Vesia signed with Miami, making his professional debut with the Gulf Coast League Marlins before earning a promotion to the Batavia Muckdogs. Over 33 1/3 relief innings pitched with the two clubs, he went 4–0 with a 1.35 ERA and 38 strikeouts. In 2019, Vesia began the year with the Clinton LumberKings before earning a promotion to the Jupiter Hammerheads in June and the Jacksonville Jumbo Shrimp in August. Over 66 2/3 relief innings pitched between the three clubs, he went 7–2 with a 1.76 ERA and 100 strikeouts. He was selected to play in the Arizona Fall League for the Salt River Rafters following the season and was named a Fall League All-Star.

On July 22, 2020, it was announced that Vesia had made Miami's 2020 Opening Day roster.

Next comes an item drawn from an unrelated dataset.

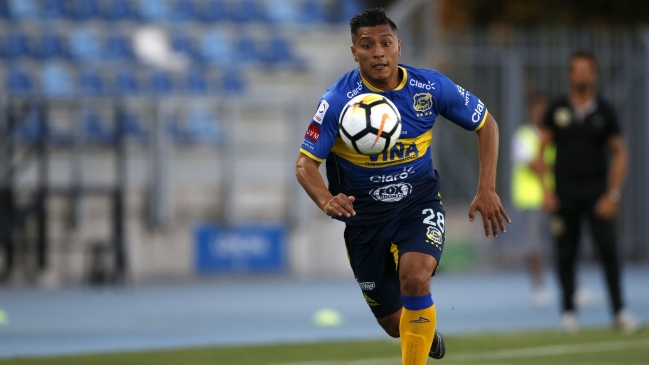 Everton y Deportes Temuco buscarán un respiro en la parte baja del Campeonato Nacional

He made his MLB debut on July 25 against the Philadelphia Phillies. He was placed on the 10-day injured list on August 2 and missed the rest of the season. He pitched a total of 4 1/3 innings for the Marlins in 2020 in which he gave up nine earned runs and seven walks while striking out five.

===Los Angeles Dodgers===
On February 12, 2021, the Marlins traded Vesia and Kyle Hurt to the Los Angeles Dodgers in exchange for Dylan Floro.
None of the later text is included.